Background

Ralstonia solanacearum is the causal agent of bacterial wilt disease in more than 250 plant species including important crops, such as tomato, potato, pepper, and eggplant, among others, and is considered one of the most dangerous plant pathogens in the world (Mansfield et al., 2012). R. solanacearum is a soil-borne pathogen that enters plants through the roots, using wounds, root tips, and secondary root emergence points as penetration sites; it then progresses via the root cortex, finally reaching the vascular system (Xue et al., 2020). In susceptible plants, R. solanacearum moves through the xylem vessels to colonize the whole plant; eventual replication may lead to populations up to 10¹⁰ bacteria per gram of plant tissue in diseased plants, which will block water and nutrient flow in the vascular system and eventually cause plant wilting and death (Peeters et al., 2013). Multiple experimental methods to assess R. solanacearum virulence in plants under laboratory conditions have been described previously (Morel et al., 2018). The most widely used assay relies on soil-drenching of plant roots with R. solanacearum suspensions, followed by observation of the resulting wilting symptoms over time (Morel et al., 2018). Other assays involve bypassing the root penetration process by introducing the bacterial suspensions directly into plant tissues (either leaves or stems) and provide more accurate assessments of bacterial replication (Macho et al., 2010; Morel et al., 2018; Yu and Macho, 2021).

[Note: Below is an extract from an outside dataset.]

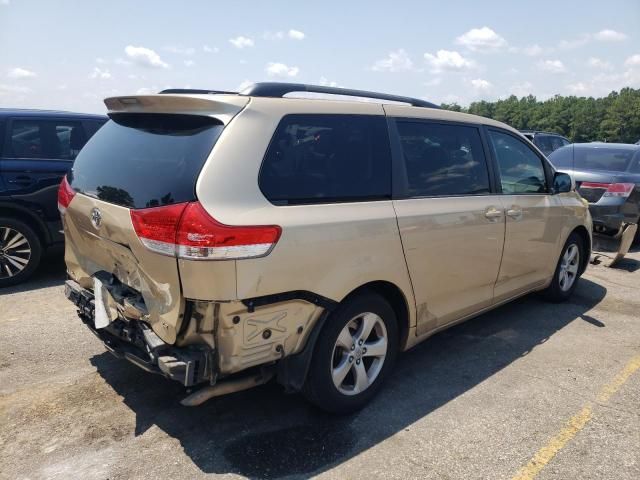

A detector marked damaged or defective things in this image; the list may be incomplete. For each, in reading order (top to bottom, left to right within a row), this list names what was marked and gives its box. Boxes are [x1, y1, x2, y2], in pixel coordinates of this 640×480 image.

damaged toyota sienna [58, 82, 592, 412]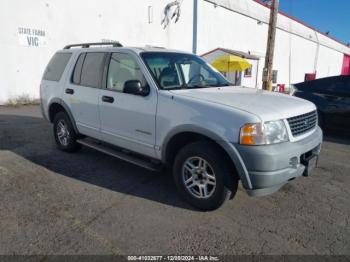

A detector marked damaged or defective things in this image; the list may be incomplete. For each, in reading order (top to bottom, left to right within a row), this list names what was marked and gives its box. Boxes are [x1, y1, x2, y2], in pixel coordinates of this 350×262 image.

In this protocol, we provide a detailed description of a method aimed at quantitating bacterial fitness in tomato xylem vessels by direct injection into the stem using a microsyringe; given the subsequent fast bacterial replication and plant colonization, we assume that a substantial proportion of this inoculum reaches the xylem vessels. At the desired time after inoculation, samples are taken from 2 cm above the inoculation site by collecting xylem sap from an excised stem section. Bacterial quantitation in this xylem sap provides a clean measurement of bacterial fitness in the plant vascular system. Like other Gram-negative bacterial pathogens, R. solanacearum requires a type III secretion system to inject type III effector (T3E) proteins into host cells and cause disease. Since T3E activities often contribute redundantly to the development of disease, it is generally difficult to determine their involvement in virulence; however, we have recently used this method to detect the virulence attenuation of different R. solanacearum knockout mutants lacking individual effectors (Xian et al., 2020; Yu et al., 2020) and to analyze bacterial pathogenicity following chemical treatment of plant tissues (Wang et al., 2021), revealing a simple, versatile, and powerful assay for the study of R. solanacearum-plant interactions.